Na Bélgica o debate é sobre se o cansaço da vida é motivo

Enquanto em Portugal se discutem eventuais alterações legais para permitir a eutanásia, tendo hoje sido entregue na Assembleia da República uma petição pela despenalização da morte assistida com mais de 8.300 assinaturas, o debate na sociedade belga em torno desta prática, legal desde 2002, encontra-se num patamar distinto, com os tribunais a serem chamados a pronunciar-se sobre o sofrimento existencial.
Do Grupo de Investigação sobre Cuidados em Final de Vida, que junta as universidades de Gent e a Universidade Livre de Bruxelas, Kasper Raus explicou que o sofrimento psicológico insuportável resultante de uma doença ou acidente pode ser alegado. Mas “as percentagens são baixas”, aponta à agência Lusa.

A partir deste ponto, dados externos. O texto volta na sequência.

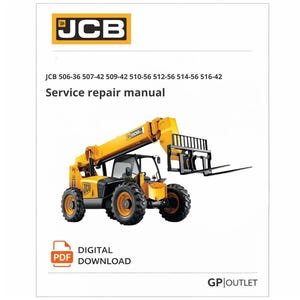 CB 506-36 507-42 509-42 510-56 512-56 514-56 516-42 Service Repair Manual (PDF Download)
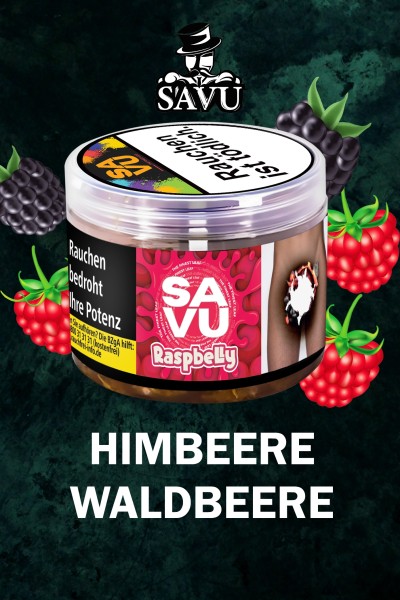 Savu Tabak Raspbelly 200g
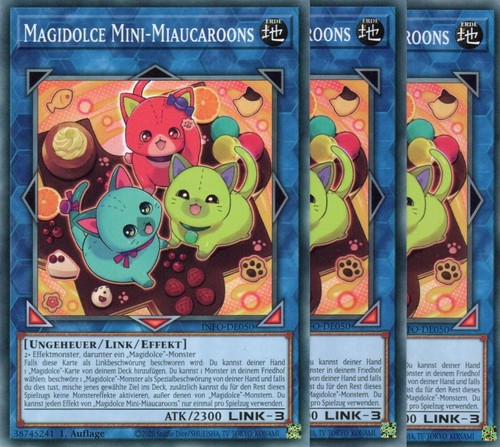 Yugioh magidolce - yugioh,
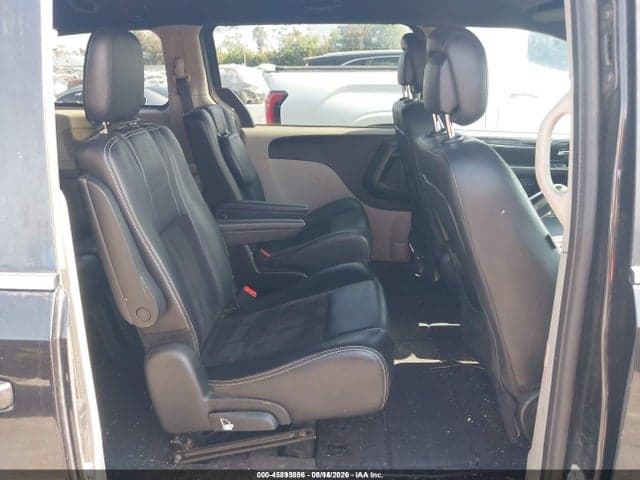 2017 DODGE GRAND CARAVAN SXT 8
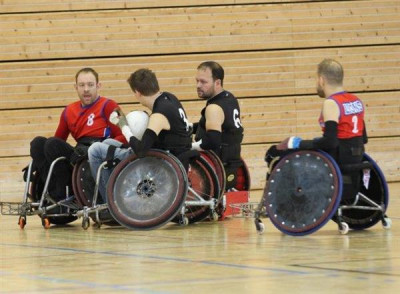 Rugby in carrozzina: a Nottwil il torneo Swiss Low Point Challenge 2017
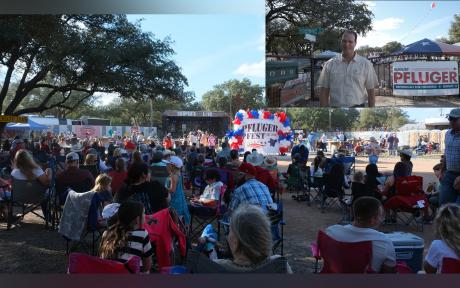 Pfluger Hosts Largest ‘Pfluger Pfest’ Yet in Christoval, Thousands Attend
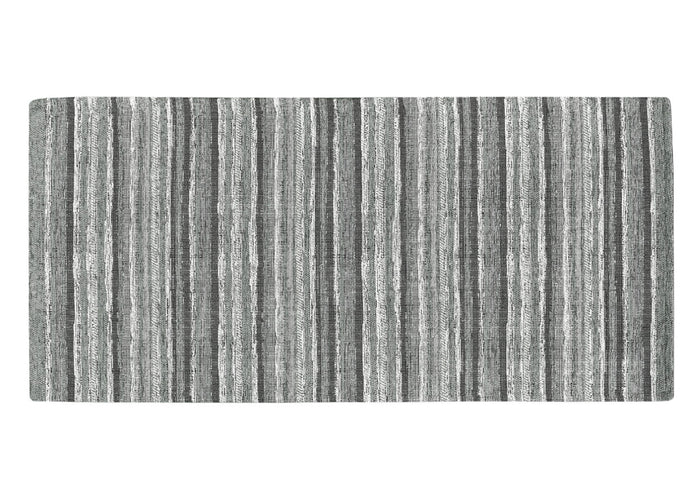 Tappeto Passatoia Cucina Corsia Retro Antiscivolo Disegno Laos By Suardi - 55x190 - Grigio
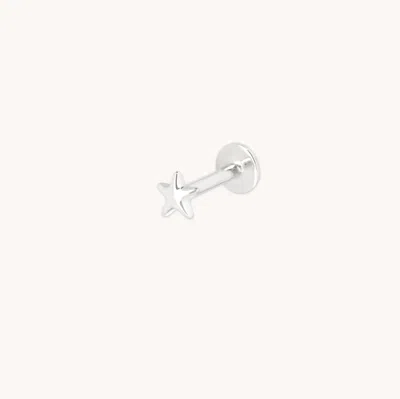 Astrid & Miyu Extra Small Star Piercing Stud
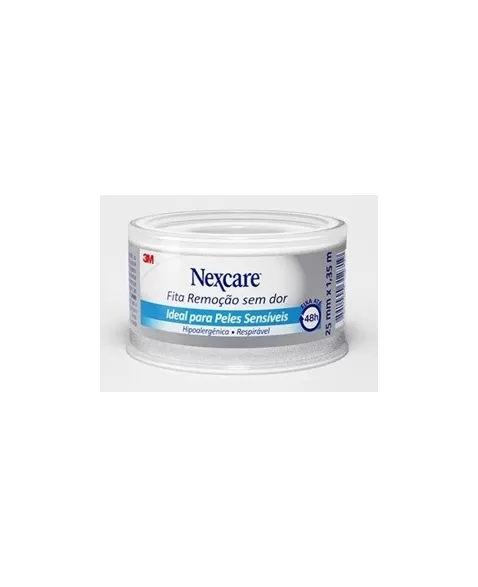 FITA REMOCAO SEM DOR NEXCARE 25MM X 1,35M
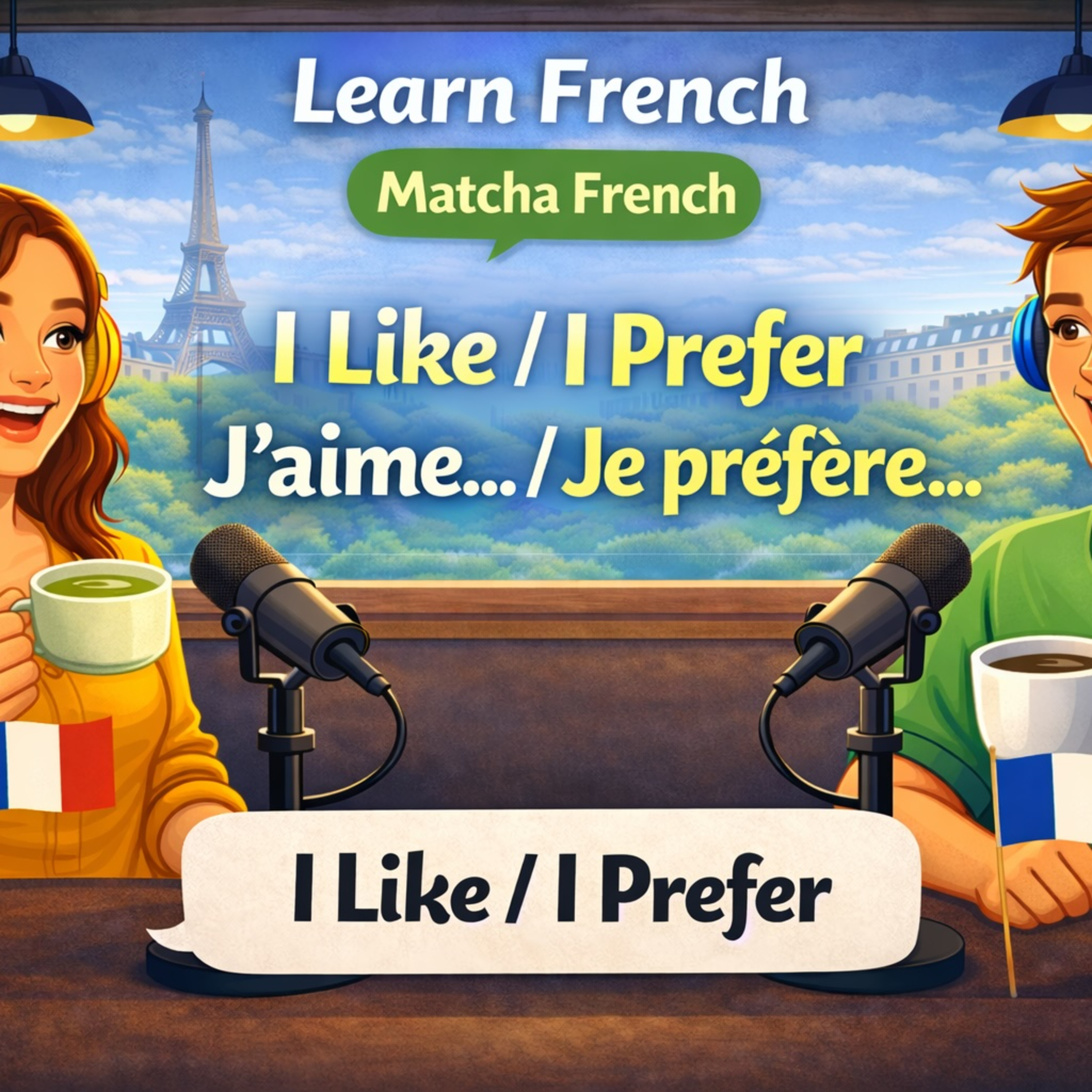 Matcha French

“A verdadeira questão é o sofrimento existencial sem uma condição diagnosticável, o que muitas vezes significa cansaço da vida” e são altas as hipóteses de envolverem os mais idosos, comenta o especialista em questões de ética à Lusa, para explicar as divergências na Bélgica: "alguns advogados admitem que as alegações de artrite incurável, redução da audição ou da visão enquadram-se na atual lei, outros discordam fortemente e garantem que esse não é o espírito da lei”.

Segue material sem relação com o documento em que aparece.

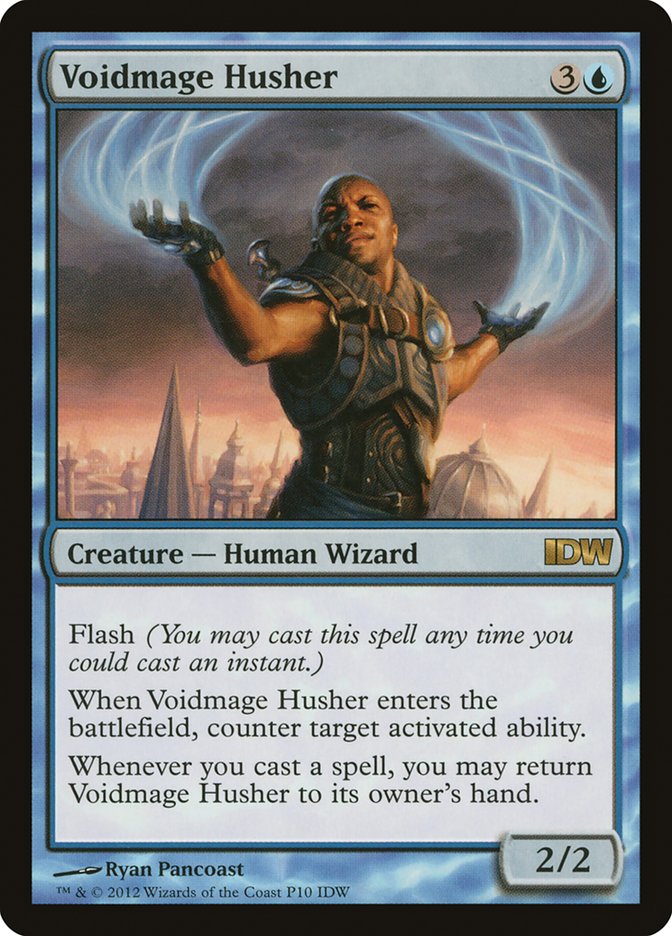 Voidmage Husher [IDW Comics 2013] | Local Legends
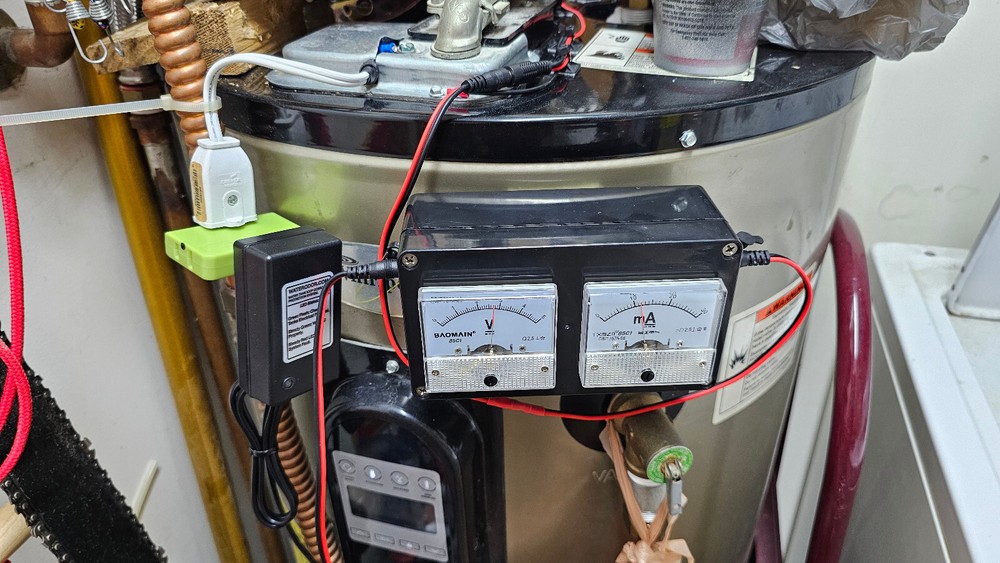 ICCP Powered Anode Rod System. Stops Internal Tank Corrosion & Hot Water Odor.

“Muito recentemente, a Comissão Federal belga de Controlo e Avaliação da Eutanásia apresentou, pela primeira vez, um caso às autoridades judiciais. Este caso, que está agora a ser investigado, relaciona-se com cansaço da vida. O resultado vai clarificar a posição dos tribunais nestas questões, mas é impossível prever o que vai acontecer”, diz.

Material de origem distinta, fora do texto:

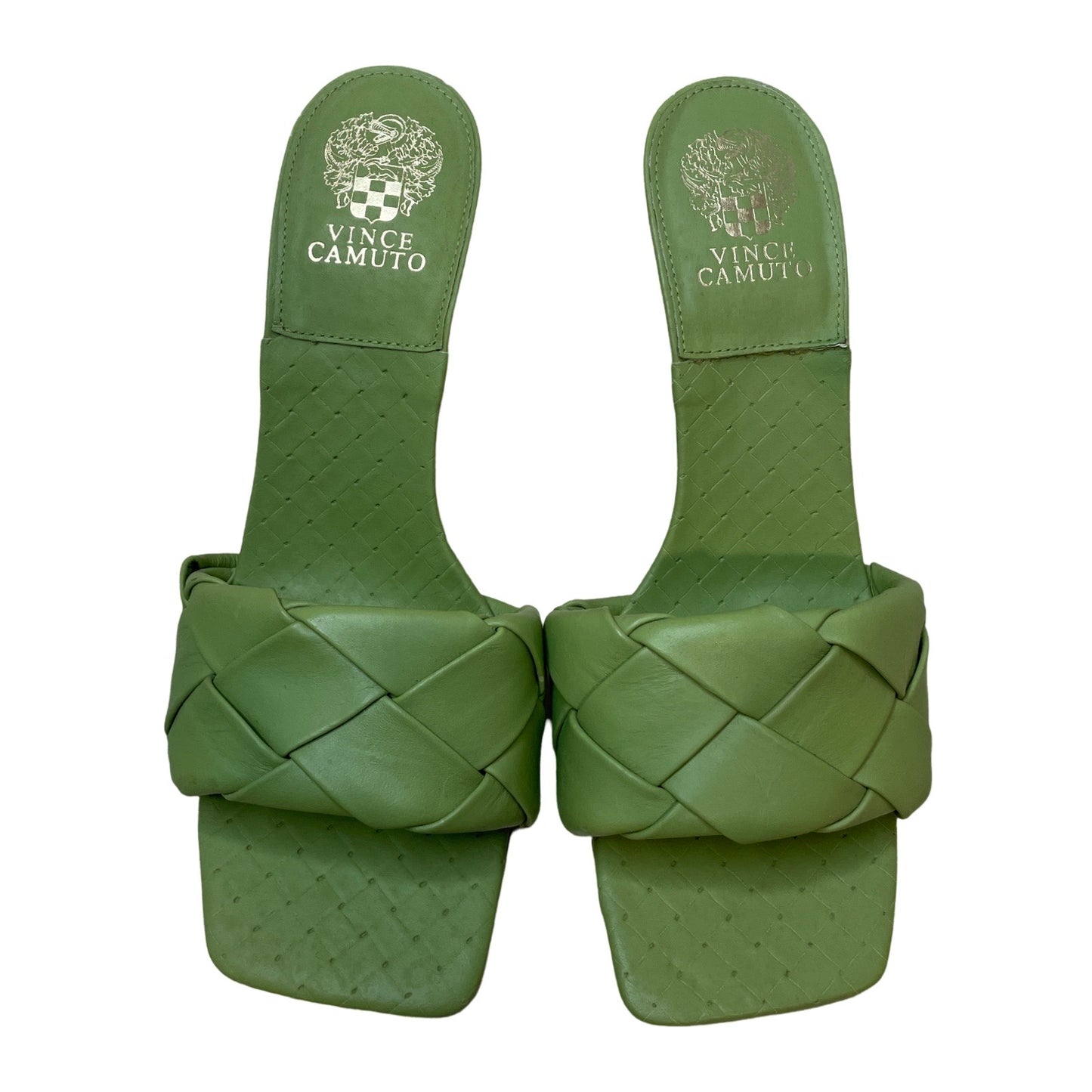 Calzado Vince Camuto Tacón Verde - Talla 10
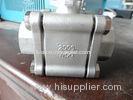 ISO Direct Mount Pad Stainless Steel Ball Valve Full Port 2000WOG PN138 1/2" - 4"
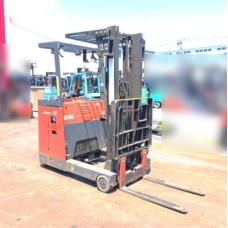Xe Nâng Điện cũ đứng lái 1.8T, Toyota 7FBR18 hàng Nhật Bãi chưa qua sử dụng tại Việt Nam,sản xuất năm 2013,mã xe TV.E350
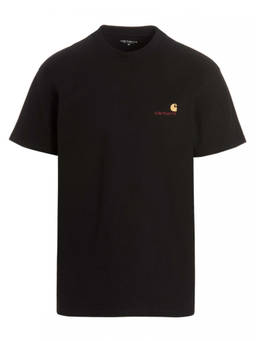 Carhartt WIP - Black American Script T-Shirt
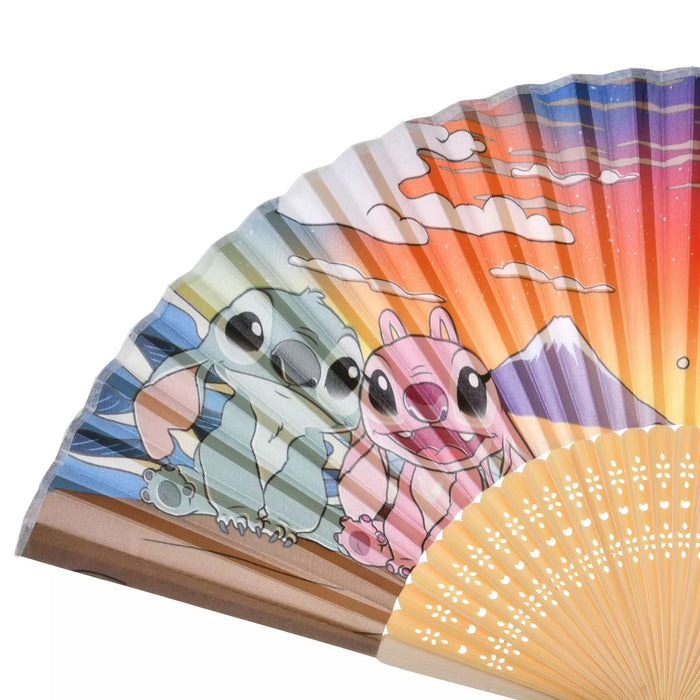 JDS - Japan Original x Stitch, Angel, Scrump Fan (Release Date: Apr 1, 2025)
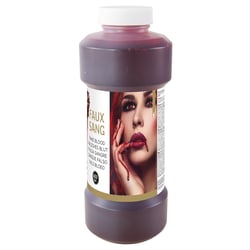 Liquide rouge - Spécial Halloween - Imitation hémoglobine -  en bidon - 452,8 ml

Em 2014, a prática de eutanásia na Bélgica foi alargada a menores, embora, segundo a comissão federal, nenhum caso tenha sido registado.
Nos últimos dados disponíveis, referentes a 2012-2013, a comissão recebeu 3.239 de pedidos de eutanásia, numa proporção média de 1,5% de todos os falecimentos no país.
Outro elemento do grupo de especialistas das universidades de Bruxelas e de Gent, Kenneth Chambaere, sublinha que na Bélgica “não é permitido tudo, uma vez que há inúmeros requerimentos necessários para elegibilidade, assim como requisitos processuais a serem cumpridos.
O aumento no número de pedidos submetidos à comissão federal é notada por Chambaere, sobretudo, a partir de 2007, por, provavelmente, ter sido necessário os “médicos acostumarem-se à possibilidade” e os pacientes “considerarem a opção”.
“Houve também uma extensão da prática além de pacientes com cancro terminal e a atenção dada pelos órgãos de comunicação social, provavelmente, também desempenhou um papel”, refere.
“Atualmente, cerca de 70% dos pedidos são atendidos”, informa Raus.
A lei belga, bem como a diferença de números das declarações apresentadas em neerlandês (2.610/80%) e em francês (629/20%), entre 2012 e 2013, podem ser explicados pela “cultura e secularização”, diz Chambaere, notando a que os “direitos dos pacientes de autonomia e autodeterminação são tidos em consideração” sobretudo na Flandres (região flamenga)”.
Kasper Raus não relaciona a religião com a aceitação da eutanásia na Bélgica, uma vez que “inquéritos mostram que o país é muito secularizado”.
“Talvez haja uma cultura de crença na autonomia dos pacientes”, admite.
Sem estudos realizados na Valónia (região francófona) para fazer análises, o especialista informa que uma investigação conduzida em Bruxelas sugeriu que os médicos francófonos “estavam menos dispostos a praticar eutanásia” e mais a realizar uma sedação paliativa, mas a explicação "apenas pode ser especulada”.